For years now I have had a desire to mold stacks of personal journals, all my childhood report cards, and a notebook full of scribbled-on envelopes and napkins into something worth reading. I’ve earned two legitimate degrees, a Bachelor’s of Science in Pharmacy which got me a good job at a pharmaceutical research firm when I was twenty-three, and taught me how to spell words such as ‘hemorrhage’, which comes up in my writing a bit, as well as a Master’s in Health Systems Management. That one helped me get another job in research that led me to contribute to and be responsible for editing a 400-page technical document entitled the “Overall Summary – The Efficacy and Safety of Oral Milrinone in Congestive Heart Failure”, an FDA must-have. I also co-authored a paper in the journal of Clinical Research and Pharmacoepidemiology, entitled, “A Comprehensive Interactive Training Program for Clinical Monitors”. But all of this is ancient history.
More recently I gave myself a made-up degree, an Honorary Doctorate in PseudoPsychology, or something along those lines. Someone with an actual doctorate could probably tell me what to call it. But anyway, I grant this in recognition of my twelve credit-hours of master’s level psychology courses above and beyond my first master’s degree, combined with my twenty-plus years of psychotherapy, the first four of which the therapist termed ‘intensive.’ For a fee, my mentor was obligated by our implied business contract to give me her undivided attention, eye contact included, for fifty minutes every week. Classes were in the tutorial style, there was increasingly more challenging homework, and I conducted extensive research that culminated in the memoir titled, You’ll Get Over It, Jane Ellen.
One Sunday morning at the Quaker Meeting I felt compelled to stand and say this:
“Today my thoughts are on some of the profound changes I have made in my life. A large part of my adulthood has been spent recovering from my childhood. I arrived at adulthood feeling bad about myself, not happy with who I was and recognizing I needed to make changes, but not knowing how to do it. This week I am scheduled to meet with the mothers of preschoolers in Bechtelsville, Pennsylvania to share a message I have about the importance of deliberately engaging with young children. Engaging consciously with children is how you build a relationship with them, how you get to know them and how you learn who they are and what they have to offer the world. I had a calling a few years ago to go do this, to tell mothers that engaging with children when they are small is the way to help them know themselves, to help them see the gifts God has given them, and to help them take advantage of those gifts.
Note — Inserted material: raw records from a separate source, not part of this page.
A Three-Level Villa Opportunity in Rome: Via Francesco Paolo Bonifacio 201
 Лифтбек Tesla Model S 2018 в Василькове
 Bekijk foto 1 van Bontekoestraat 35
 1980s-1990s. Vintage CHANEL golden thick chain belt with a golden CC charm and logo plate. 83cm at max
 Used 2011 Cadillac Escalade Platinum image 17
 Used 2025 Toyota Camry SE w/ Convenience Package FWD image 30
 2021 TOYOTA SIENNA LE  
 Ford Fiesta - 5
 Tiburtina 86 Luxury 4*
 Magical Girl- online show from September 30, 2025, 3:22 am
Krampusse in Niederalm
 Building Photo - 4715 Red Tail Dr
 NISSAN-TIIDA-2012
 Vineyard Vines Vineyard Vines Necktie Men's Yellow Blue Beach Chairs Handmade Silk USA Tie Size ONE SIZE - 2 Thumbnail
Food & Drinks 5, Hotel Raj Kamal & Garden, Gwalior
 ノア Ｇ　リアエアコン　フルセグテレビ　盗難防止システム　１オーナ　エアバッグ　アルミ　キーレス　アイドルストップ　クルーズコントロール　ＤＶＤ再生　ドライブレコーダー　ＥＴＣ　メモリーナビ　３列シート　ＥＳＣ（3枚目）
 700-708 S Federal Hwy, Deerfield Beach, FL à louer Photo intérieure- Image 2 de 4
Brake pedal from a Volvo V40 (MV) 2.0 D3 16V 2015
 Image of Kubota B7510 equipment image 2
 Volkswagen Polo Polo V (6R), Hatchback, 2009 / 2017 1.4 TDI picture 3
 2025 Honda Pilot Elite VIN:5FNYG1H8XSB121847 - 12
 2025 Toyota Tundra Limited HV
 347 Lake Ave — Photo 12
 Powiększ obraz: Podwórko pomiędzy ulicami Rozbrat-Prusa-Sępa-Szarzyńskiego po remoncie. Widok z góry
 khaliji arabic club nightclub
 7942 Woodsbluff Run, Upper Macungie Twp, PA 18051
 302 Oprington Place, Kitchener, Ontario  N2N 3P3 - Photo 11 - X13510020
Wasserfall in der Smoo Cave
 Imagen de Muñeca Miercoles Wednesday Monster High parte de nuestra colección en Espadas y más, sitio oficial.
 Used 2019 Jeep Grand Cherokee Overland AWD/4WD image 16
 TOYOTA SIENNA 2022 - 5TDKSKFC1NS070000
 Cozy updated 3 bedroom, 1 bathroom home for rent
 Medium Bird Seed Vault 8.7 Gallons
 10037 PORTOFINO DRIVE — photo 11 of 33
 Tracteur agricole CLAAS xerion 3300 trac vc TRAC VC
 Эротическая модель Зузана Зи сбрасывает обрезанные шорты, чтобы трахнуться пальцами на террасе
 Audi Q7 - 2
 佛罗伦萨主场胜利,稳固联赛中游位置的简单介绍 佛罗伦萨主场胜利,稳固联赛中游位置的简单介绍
I realized at one point in my life that my own parents had failed to do this and that I had arrived on the doorstep of adulthood hating myself and feeling everything I did was wrong and stupid and useless. I ended up in psychotherapy where the Socratic method is used. Socrates used questions as a way to help gain understanding. I asked myself whether I was satisfied with the way I was living my life, whether I liked what I’d done earlier that day, whether I liked my behavior in general, and whether I valued myself. It was a pretty long road and it was a whole lot of work but in the end it had a profound affect on me. When I meet with the mothers of preschoolers I am usually well-received because they want to be reminded of the value in the opportunity they have as parents, because of the fleeting chance we get to help our kids get to know themselves and love themselves.
I guess I wanted to find a way to take a not-so-great childhood and turn it into something else, you know, try to take my experience and use it to make the world a little better.”